Aaron had wanted to become a Rabbi, but life as a young married student in a Yeshiva was very difficult. Aaron and Judith therefore decided to move to the village of Bielovesz (now Bialowieza, Poland), 25 miles away from Sherashif. He apprenticed as a shoe maker and continued to study Talmud in his spare time. Many years later, when Aaron and Judith emigrated to the United States, he supported himself and his wife by teaching Haftorah to Bar Mitzvah boys. Click here for more information about Bielovesz (Bialowieza) today. In Aaron's day there were about 30 Jewish families living in Bielovesz. Today there are none. Aaron's brother Nachman (see photo above) was shot in the head in front of his family by a Nazi SS Trooper. Nachman's wife Tzina (Cyne) died that day during a march to the freight yards. Her son, Leibel, (Louis) had time to bury her on the side of the road. Leibel's wife and children were buried alive. Leibel came to New York after the war and joined his brother (Phillip) and sister (Rose) who had arrived in the US just after World War I. Nachman's granddaughter, Edith (Rose's daughter), currently lives in New York.

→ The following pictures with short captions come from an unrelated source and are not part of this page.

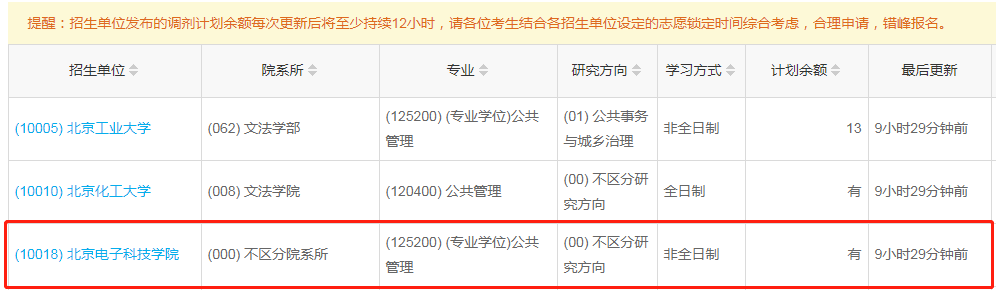 ?北京電子科技學(xué)院2023年公共管理（MPA）少量調(diào)劑指標(biāo)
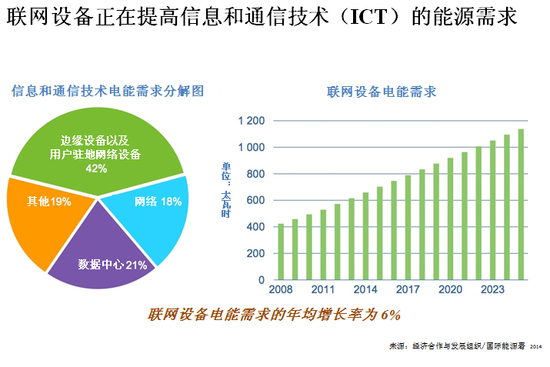 静安能耗管理系统都有哪些_公共机构能耗上报系统_大唐集团以热效率为核心能耗管理指导意见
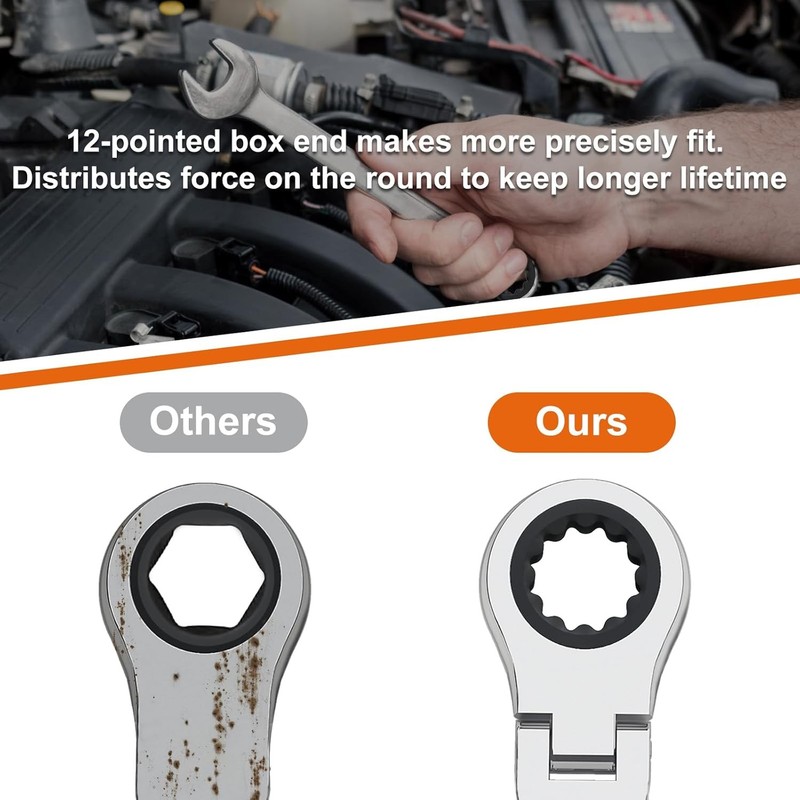 7Mm Ratcheting Combination Metric, Industrial Grade Gear Spanner with 12-Point gallery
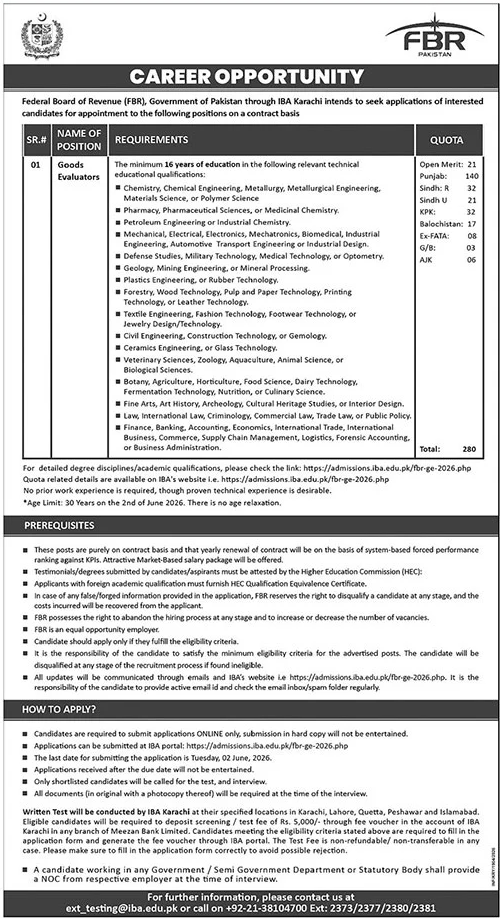 FBR Goods Evaluators Jobs 2026 - Multiple Cities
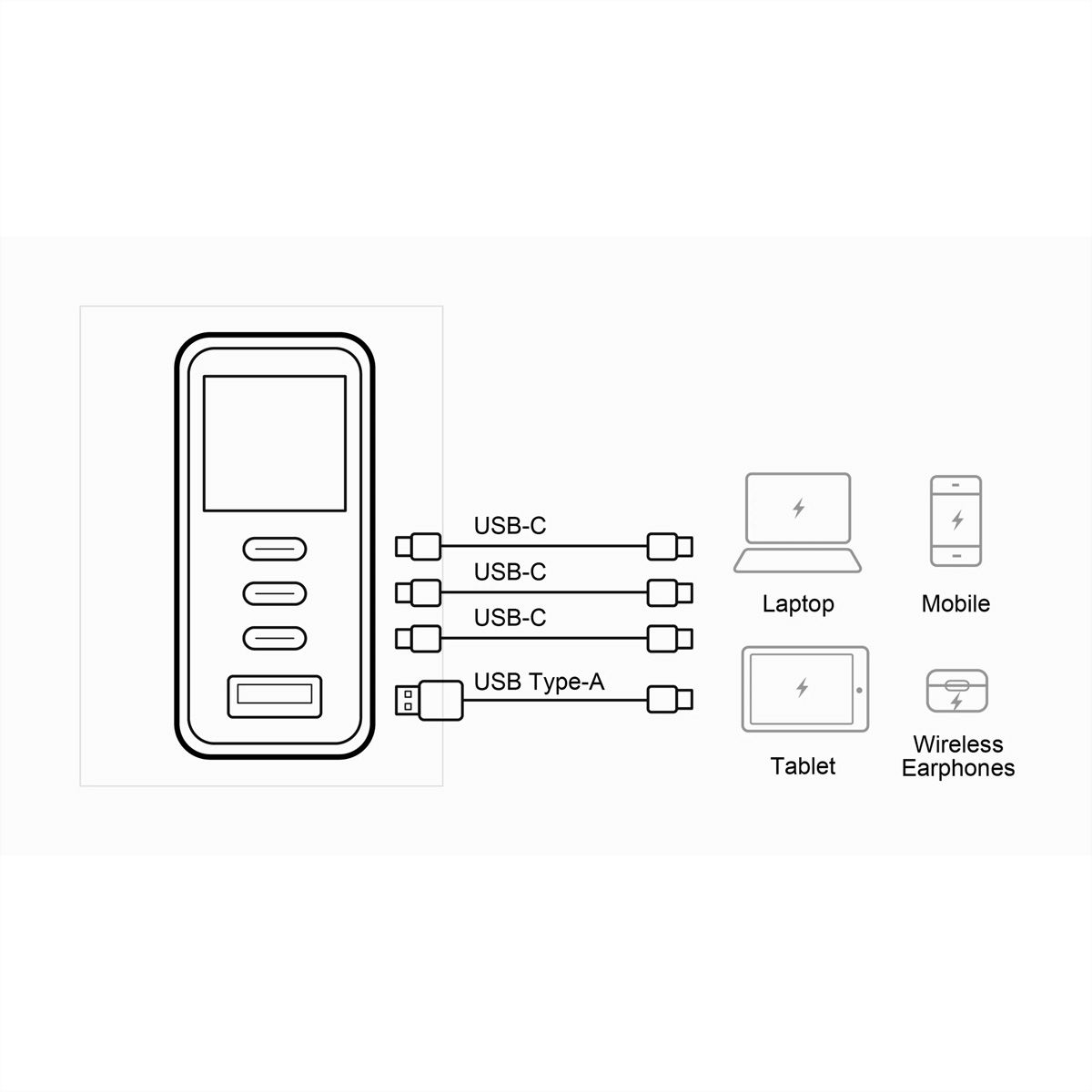 ATEN UP5100 100W 4P Smart Display Charger, GaN, 100W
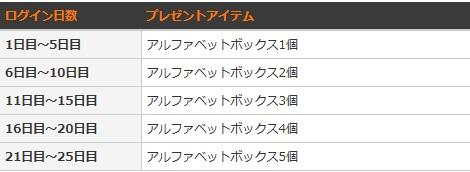 画像ギャラリー No.007のサムネイル画像 / 「ドラゴンネスト」，4周年イベントを開催＆新コンテンツ「英雄の戦場」実装
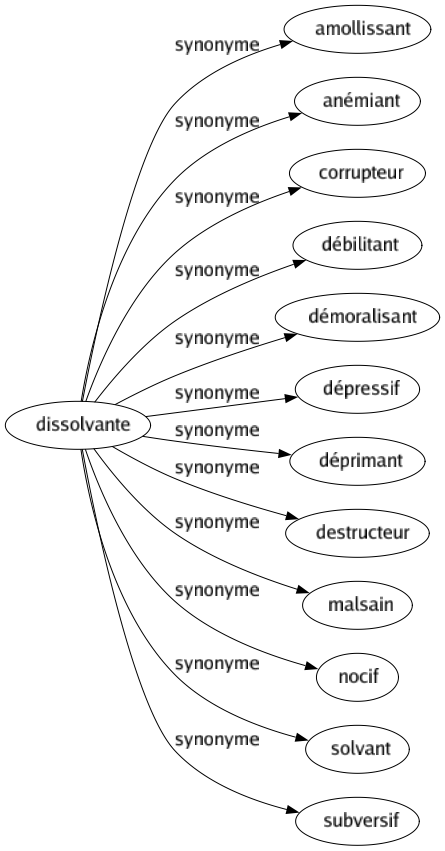 Synonyme de Dissolvante : Amollissant Anémiant Corrupteur Débilitant Démoralisant Dépressif Déprimant Destructeur Malsain Nocif Solvant Subversif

Nazi records (below) indicate that Nachman and Tzina's other daughter Leje (Sarah), who was living in Pruzhany in 1943, was among the transportees to Auschwitz from the Pruzhany Ghetto. The District of Pruzhany in the Grodno Province includes Pruzhany, Shereshov, Kartuz Bereza, Seltz, Lineve, Malech and a few other small places.
[Document 280 of 338]
Feldbaum, Leje; Born in Szereszewo June 15, 1907 (Auschwitz Haftlingspersonalbogen Collection -- Reel 3)
Father's Name: Feldbaum, Nachman
Mother's Name: Bremer, Cyne
Spouse's Name: Methel, Methel
Arrest date: January 31, 1943
Arrival date: February 02, 1943
The Pruzhany Ghetto was liquidated between Jan. 30, 1943 - Feb. 2, 1943. The ghetto had 10,000 people. 2,500 people each day were sent on transports to Auschwitz. These forms were filled out by a German soldier with the Jewish prisoner standing in front of him and answering the questions. According to the President of the Israeli Pruzhany Society, Mr. Yitzchak Zutta, the people often said that their age was younger or older then it truely was, in order to give a better impression of a good worker (so don't go using this for an "age" source). The occupations also many times were made up in order to hopefully choose something useful that would allow the prisoner to live a little longer.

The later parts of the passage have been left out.